NATO’s Response Force, Other Planned Capabilities Stillborn

Publication: Eurasia Daily Monitor Volume: 6 Issue: 38

German Defense Minister Franz-Josef Jung (Photo: AFP)

NATO’s crisis symptoms are multiplying in the run-up to the Alliance’s 60th anniversary summit, scheduled to be held from April 2 to 4 on both sides of the Franco-German border. The crisis is unacknowledged, much less addressed in any systematic way, by allied leaders in Brussels and Washington, amid transitions in the political leadership in both places. The allied defense ministers’ meeting, held in Cracow on February 19 and 20 in preparation for the NATO summit cast some public light on a deepening crisis.

The Cracow ministerial meeting discussed turning the NATO Response Force (NRF) into a reality, if only as a miniature of the original design for a worldwide deployable force. The alliance badly needs to show some palpable results at its forthcoming summit. The NRF remains largely hypothetical, however, after eight years of NATO rhetoric about expeditionary missions in distant combat theaters.

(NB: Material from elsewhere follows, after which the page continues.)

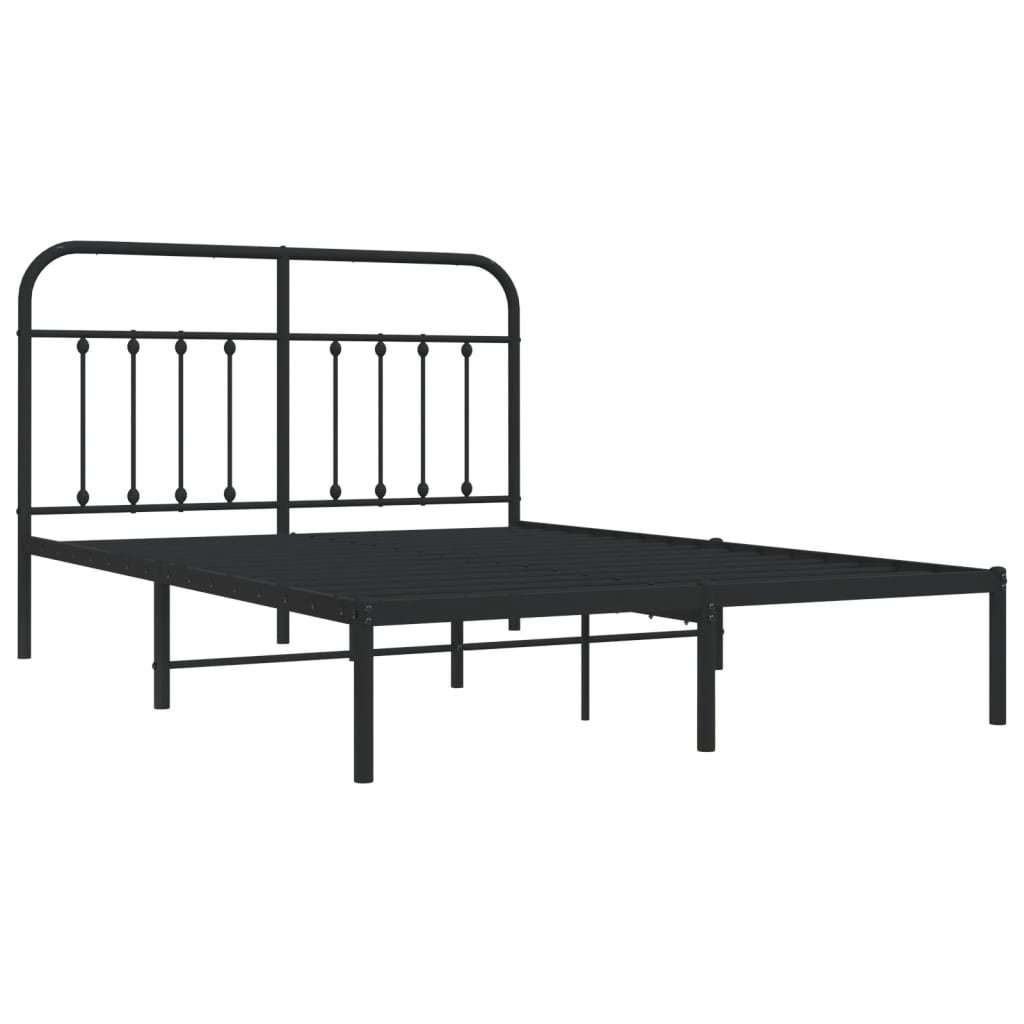 Cadru de pat metalic cu tăblie, negru, 150x200 cm - Lando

Various NATO countries disagree from a variety of perspectives over the NRF’s size, missions, deployments, and national troop contributions to the force. Some member countries would favor committing the NRF (when it reaches some level of strength) in some role or another to Afghanistan or for other distant operations. Most of the new member countries, however, favor assigning the NRF for the defense of the alliance’s territory and keeping this force at permanent readiness, to deter or defend against possible Russian military provocations.

For its part, Germany-according to Defense Minister Franz-Josef Jung at the Cracow meeting-opposes viewing the NRF as a reserve force, just as Berlin opposes viewing Russia as a possible source of military threats. Furthermore, German troops in the NRF could apparently not participate in combat missions without specific authorization by the Bundestag (DPA, February 19, 20; Frankfurter Allgemeine Zeitung, February 23).

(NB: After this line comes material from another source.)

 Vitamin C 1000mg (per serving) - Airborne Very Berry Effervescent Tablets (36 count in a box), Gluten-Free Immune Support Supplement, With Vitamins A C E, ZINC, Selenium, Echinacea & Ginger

At the Cracow meeting, British Defense Secretary John Hutton proposed drawing on the NRF to create a standing, 3,000-strong "allied solidarity force," committed to defending the alliance’s territory against possible attacks. It is clearly understood, though not stated, that the territory is that of new member countries and the hypothetical attacks could only come from Russia. Geared for Article Five operations, the proposed force would be a light one of a rapidly deployable type, including 1,500 troops in permanent readiness and another 1,500 in training.

Such small troop numbers implicitly suggest that the British proposal is intended as a means to another end. According to Hutton, authorizing the creation of such a force would make it easier for the alliance’s new member countries to increase their troop contingents in Afghanistan without fearing [Russian] provocations against them at home. These allies would be reassured that the proposed solidarity force would be available, dedicated to their homeland defense, and without competing calls on its priorities (Financial Times, February 19).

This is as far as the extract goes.